The storm's maximum sustained winds Friday were near 40 mph (65 kph). It was moving to the west at 16 mph (26 kph).
Igor formed Wednesday off the coast of Africa near the Cape Verde Islands.
In Texas, four people are dead and three others were still missing Friday after the, causing flooding that swept away cars and overpowered swimmers in the Guadalupe River.
Officials planned to resume their search Friday for a missing swimmer and two motorists.
Authorities on Thursday recovered the body of Derek Joel-Nelson Clemens, 23, of Baldwin, Mich., from the Guadalupe River in New Braunfels. Floodwaters Wednesday had swept him and friend Nikos Paraskevopoulos, 28, of Alexandria, La., as they swam. Clemens' friend was still missing when the search was suspended for the night Thursday, and search officials hold dim hopes of finding him alive.
Two Texas motorists also are missing, officials said. Calvin Gibson, 57, was swept away near San Antonio when he tried to drive over a flooded creek, Bexar County spokeswoman Laura Jesse said. Authorities also continued to search in Austin for a woman whose sport utility vehicle was swept off the road by swollen Bull Creek.
Hermine caused relatively few problems when it made landfall as a tropical storm Monday night, but as the remnants moved north into Texas and Oklahoma, the flooding caught some people off guard. The sudden flooding in Texas on Wednesday led to more than 100 high-water rescues.
A 49-year-old man drowned after driving his pickup truck into a flooded crossing near Alvarado, and another person died in a vehicle submerged by water from a swollen creek near Austin, the National Weather Service said.

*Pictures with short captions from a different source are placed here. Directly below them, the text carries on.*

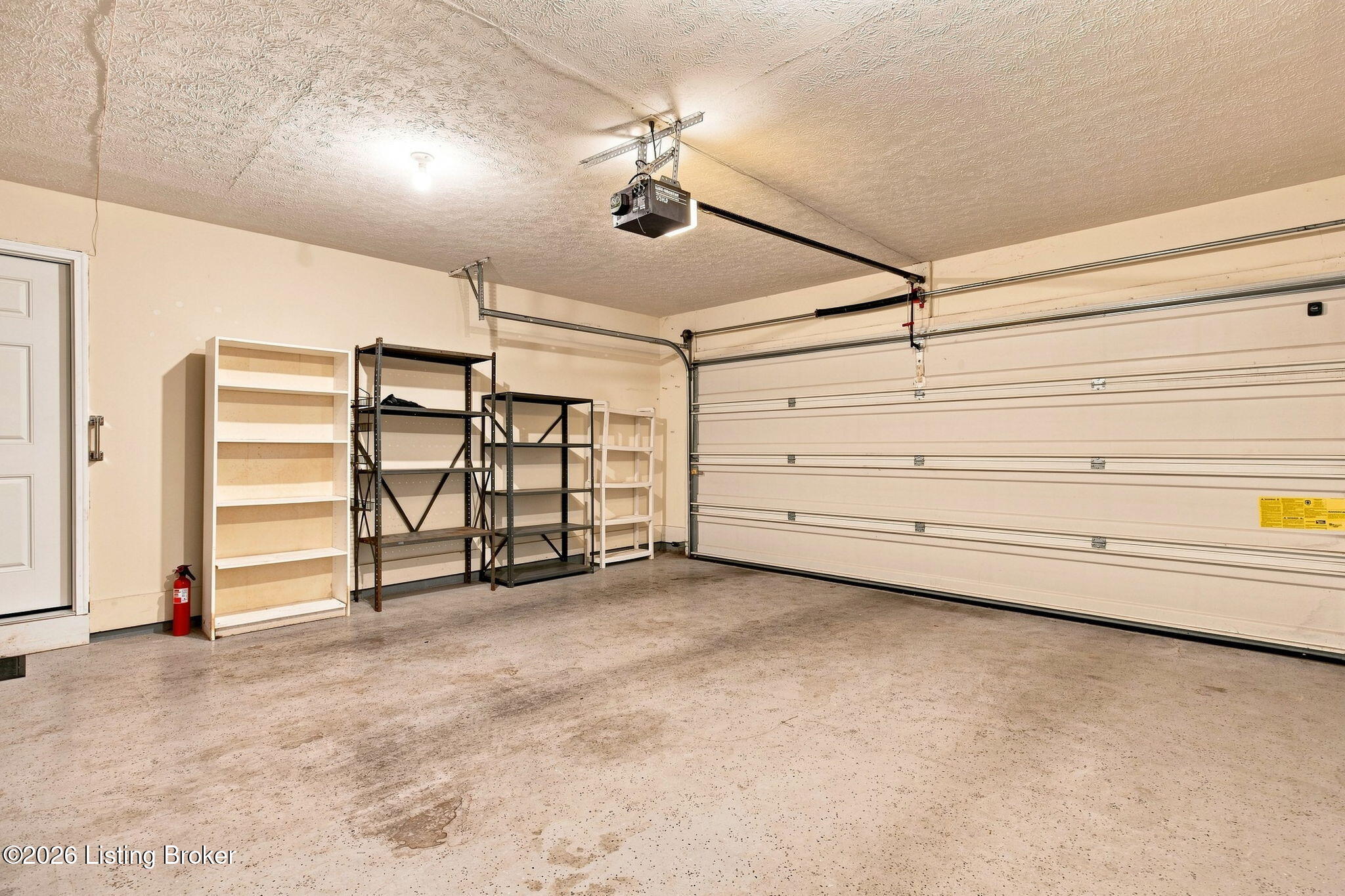 3919 Village Green Dr Property Photo 35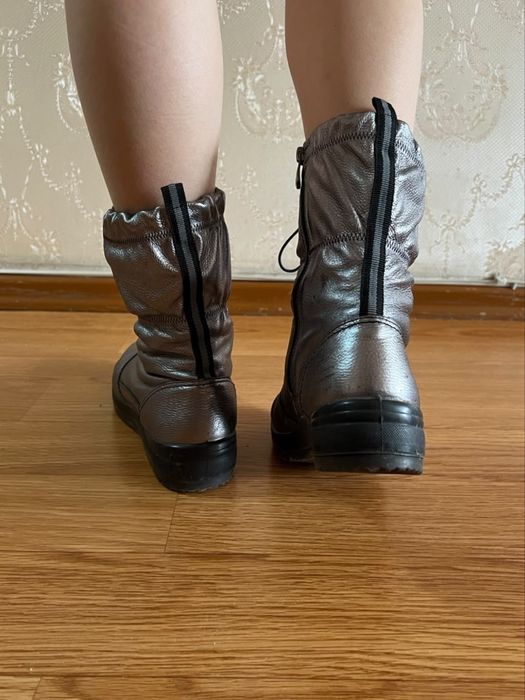 Продам зимние сапоги!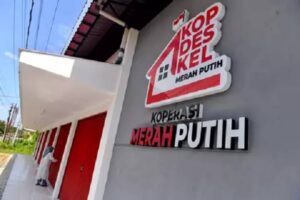 Koperasi-Merah-Putih-Permudah-Petani-Tebus-Pupuk-Subsidi-Pakai-KTP-300x200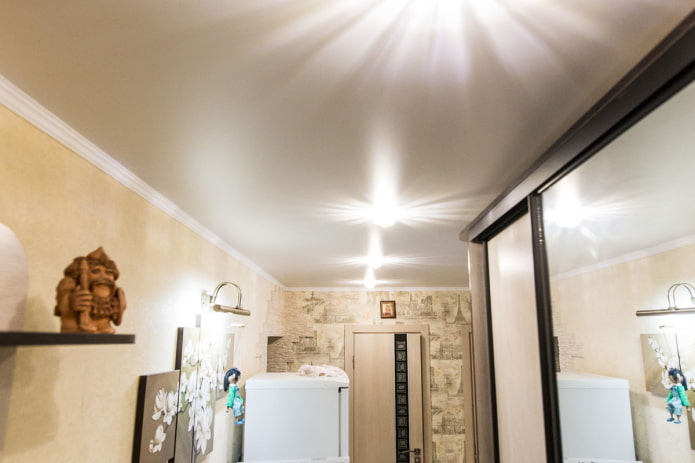 plafond tendu satiné dans le couloir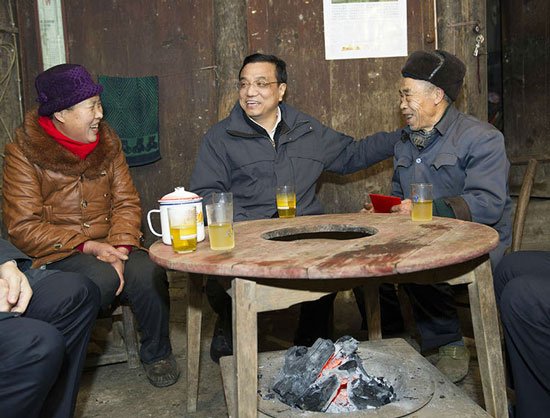 李克強在湖北恩施冒雨前往大山深處看望村民
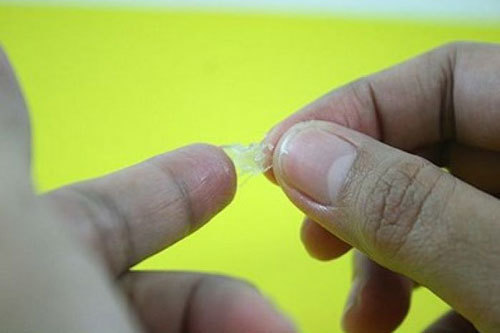 Mẹo khắc phục sự cố chẳng may bị dính keo 502 vào ngón tay-4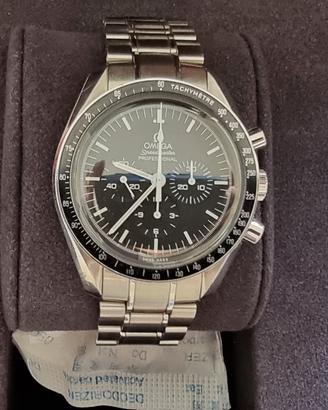 Omega Speedmaster moonwatch professional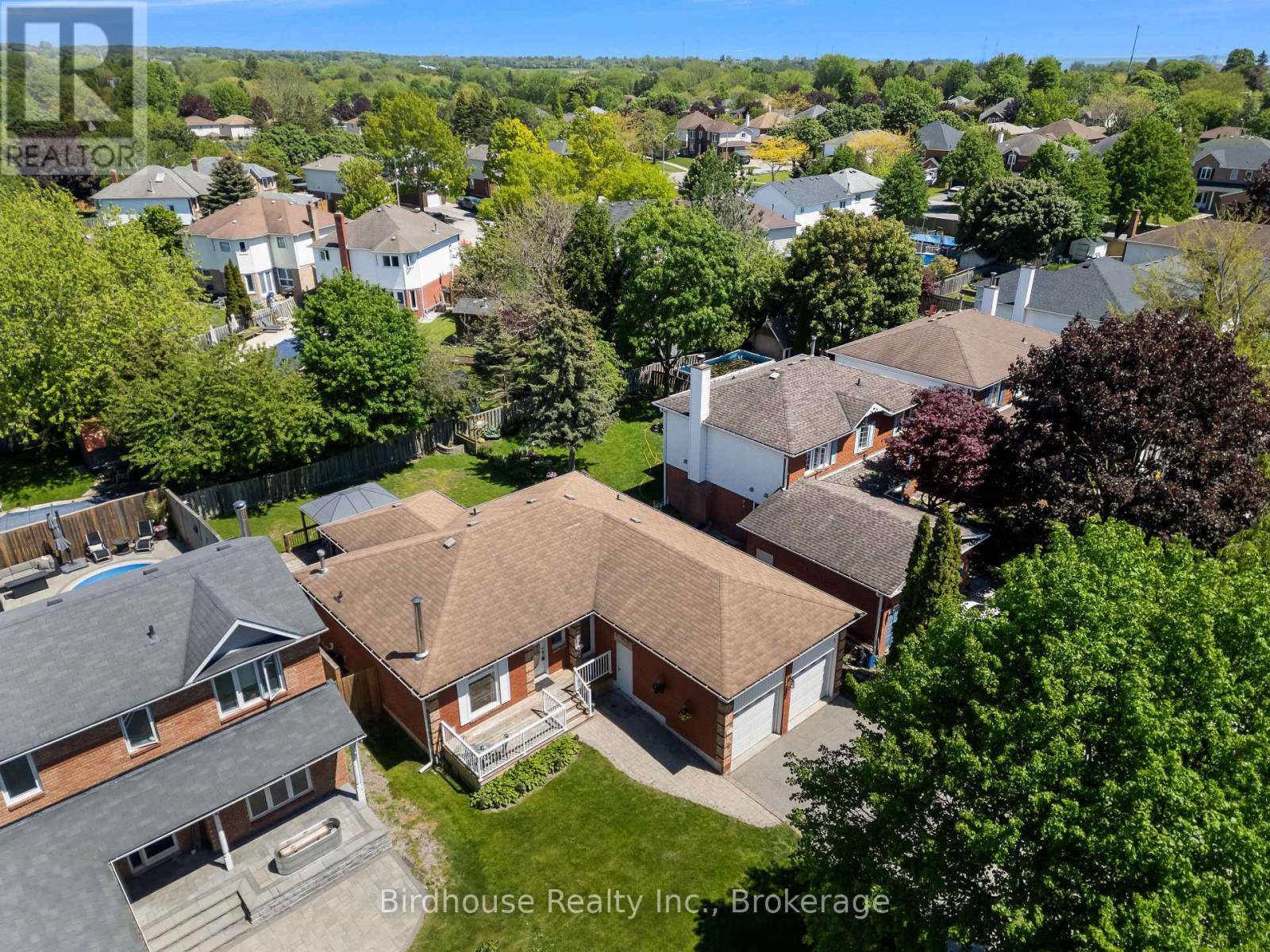 96 Foster Creek Drive, Clarington (Newcastle), Ontario  L1B 1G5 - Photo 38 - E13242124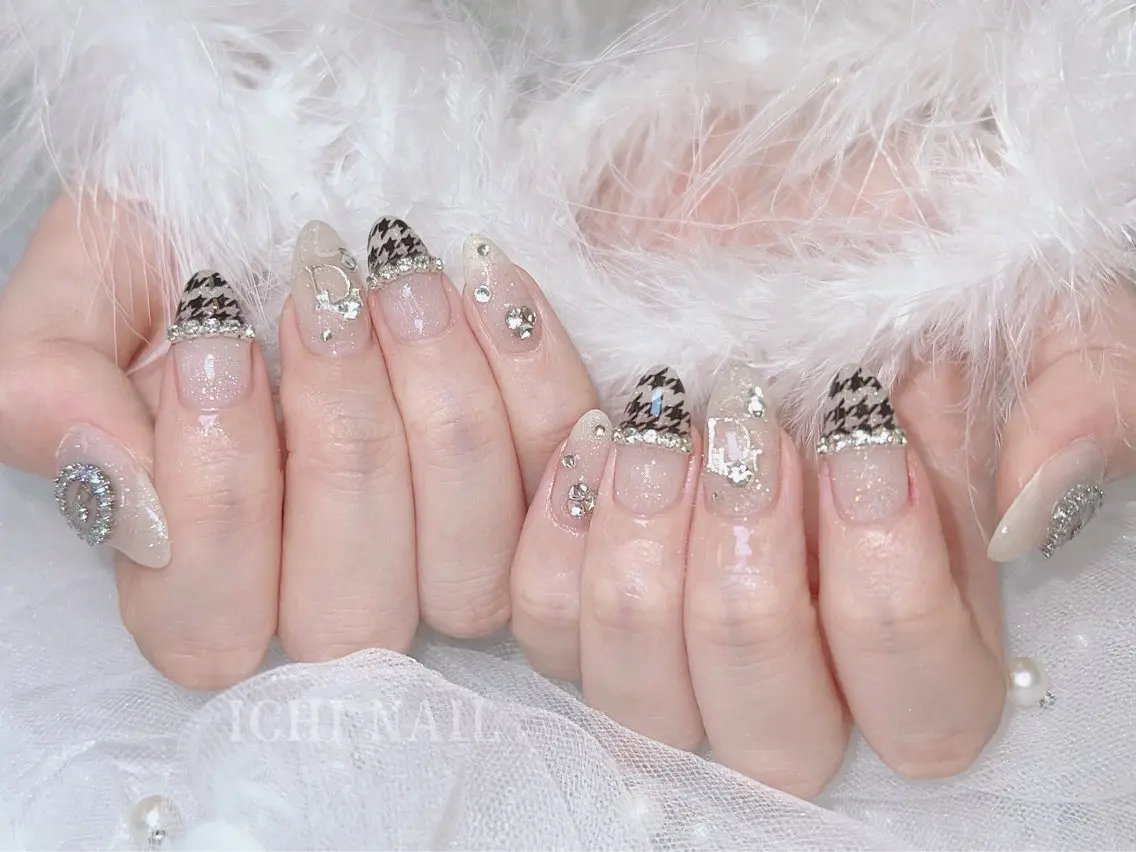 ネイル ハンドネイル 🧚🏻‍♀️ NOHA🎀のネイルデザイン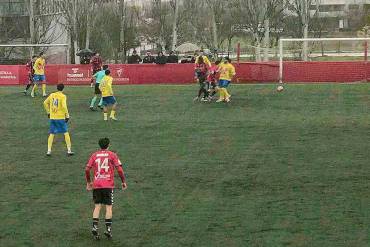 El Azuqueca más entonado que en ocasiones anteriores no pudo vencer 0-0 a La Solana 1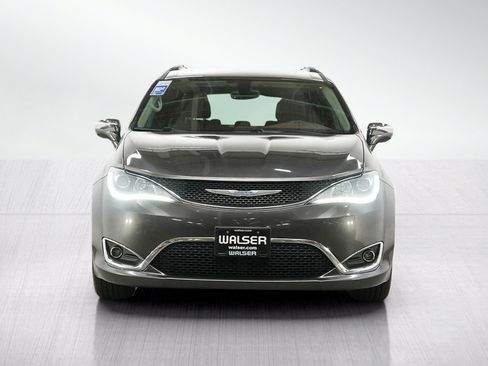Used 2017 Chrysler Pacifica Limited w/ UConnect Theater Package FWD image 8
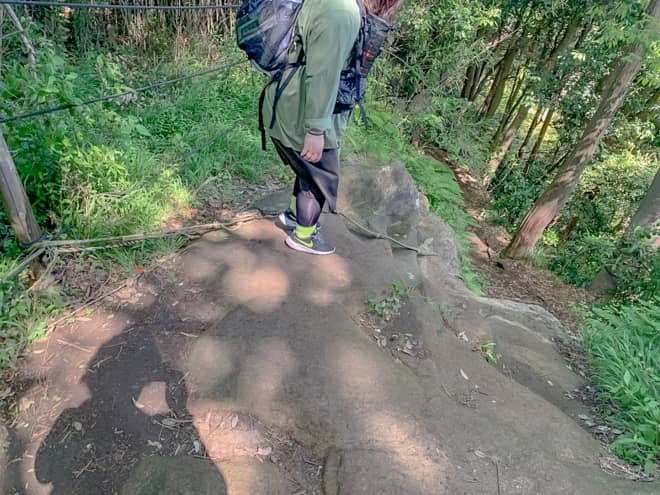 ハイキングコースは整備されていないので登山装備は必須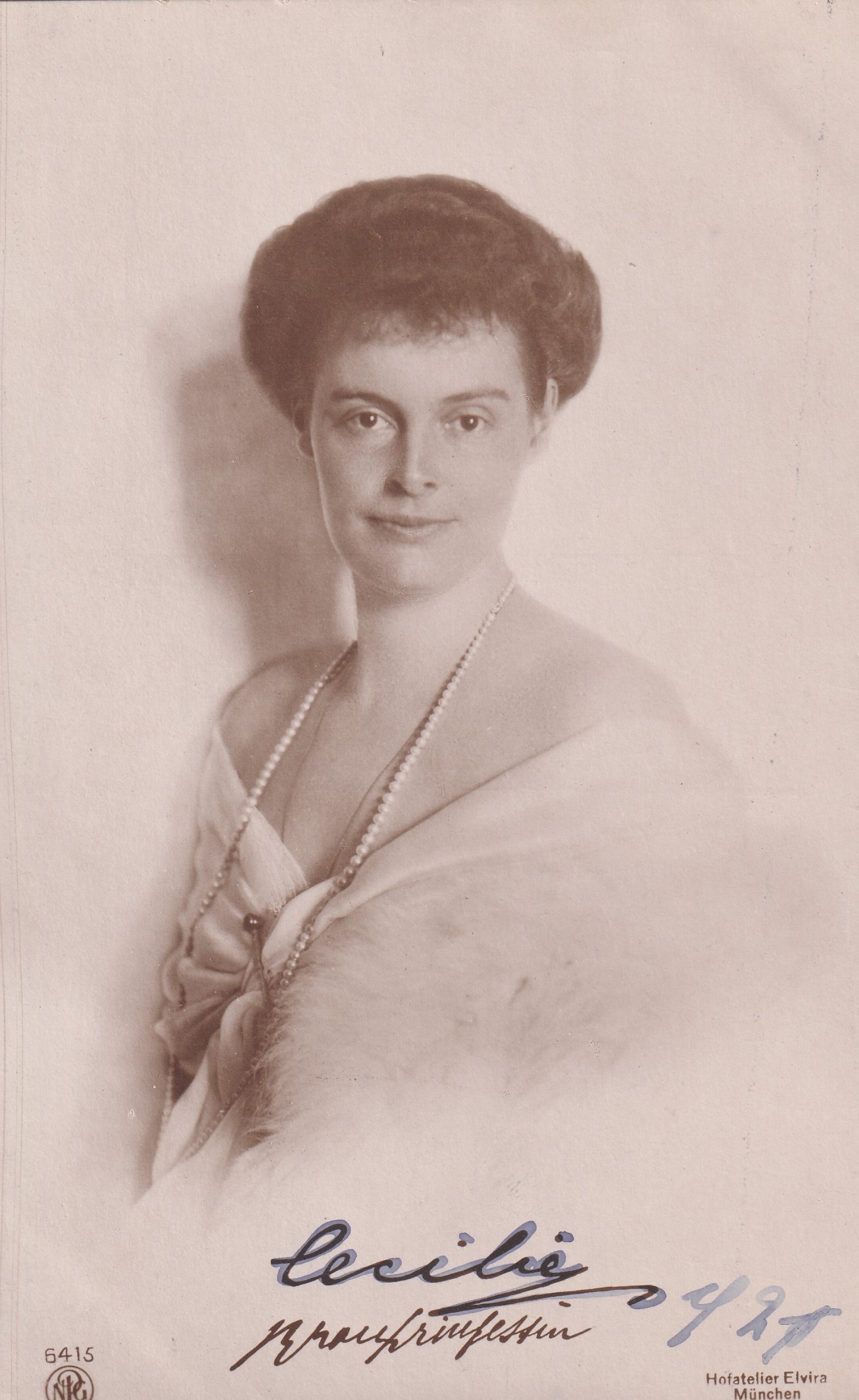 Bildpostkarte mit einem Foto der Kronprinzessin Cecilie, 1918 (Schloß Wernigerode GmbH RR-F)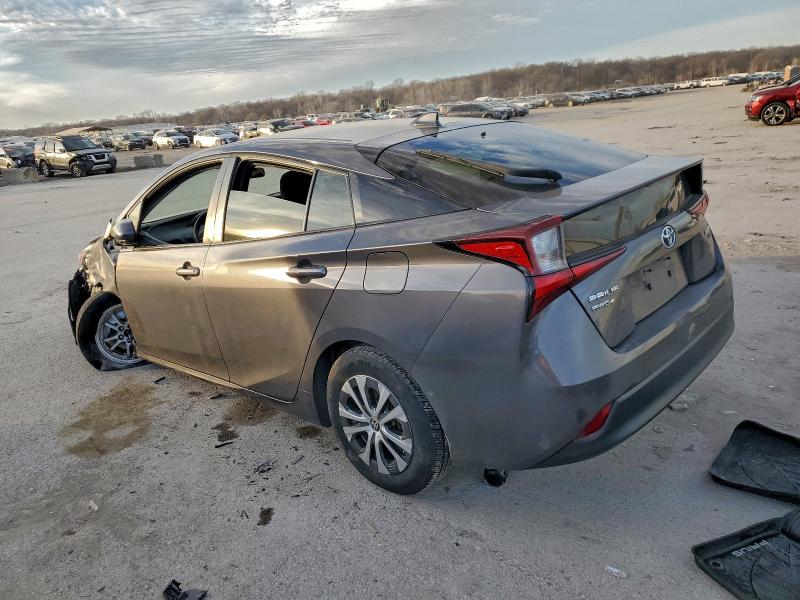 Фото 2 - TOYOTA PRIUS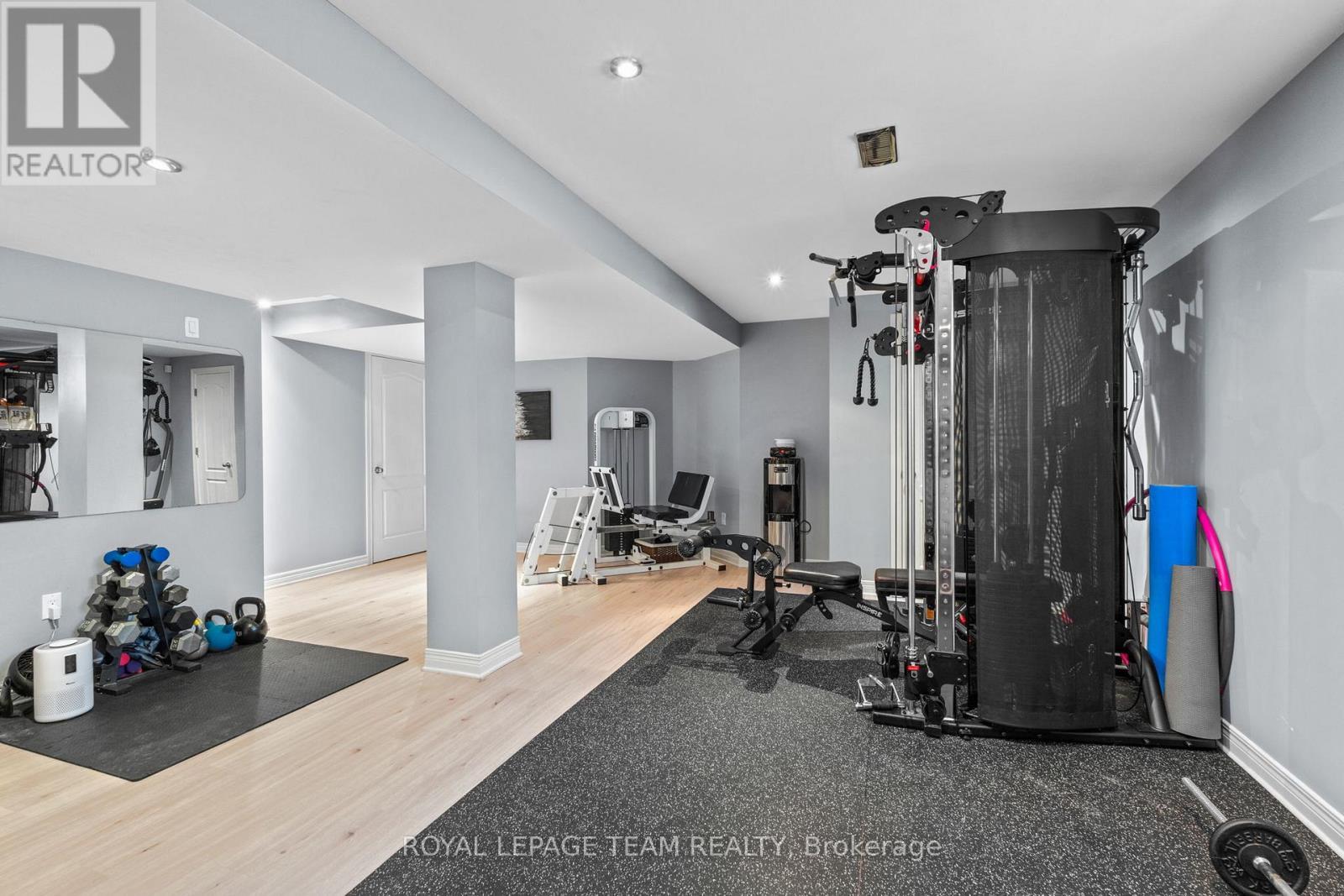 801 Bowercrest Crescent, Ottawa, ON - Indoor Photo Showing Gym Room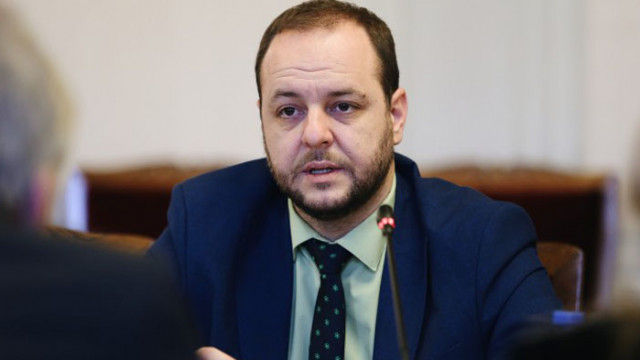 В последните минути като министър на екологията в оставка Борислав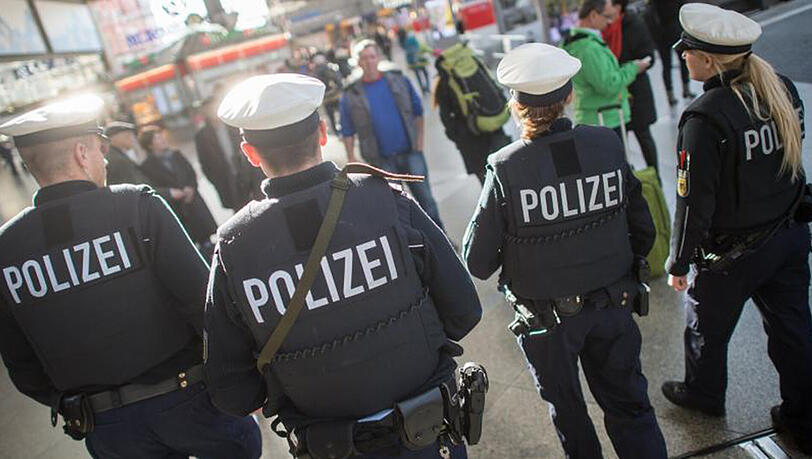 Bundespolizisten gehen auf dem Hauptbahnhof in München: Im Jahr 2015 wurden fast 64 400 Attacken auf Polizisten registriert. Bundespolizisten gehen auf dem Hauptbahnhof in München: Im Jahr 2015 wurden fast 64 400 Attacken auf Polizisten registriert.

In eastern Oklahoma, a 19-year-old man drowned after his vehicle was swept off the road early Thursday. The Oklahoma Highway Patrol said it's unclear whether Jackie Warford was thrown from his vehicle or crawled out to try to swim to safety, but he became tangled in brush.
Pointing out that many of the dead and missing were swept away in their vehicles, Texas Gov. Rick Perry urged people not to try to cross swollen creeks or flooded roadways.
Hermine was the third tropical system this year to hit the Rio Grande Valley, a flood-prone area that encompasses northeastern Mexico and southeastern Texas.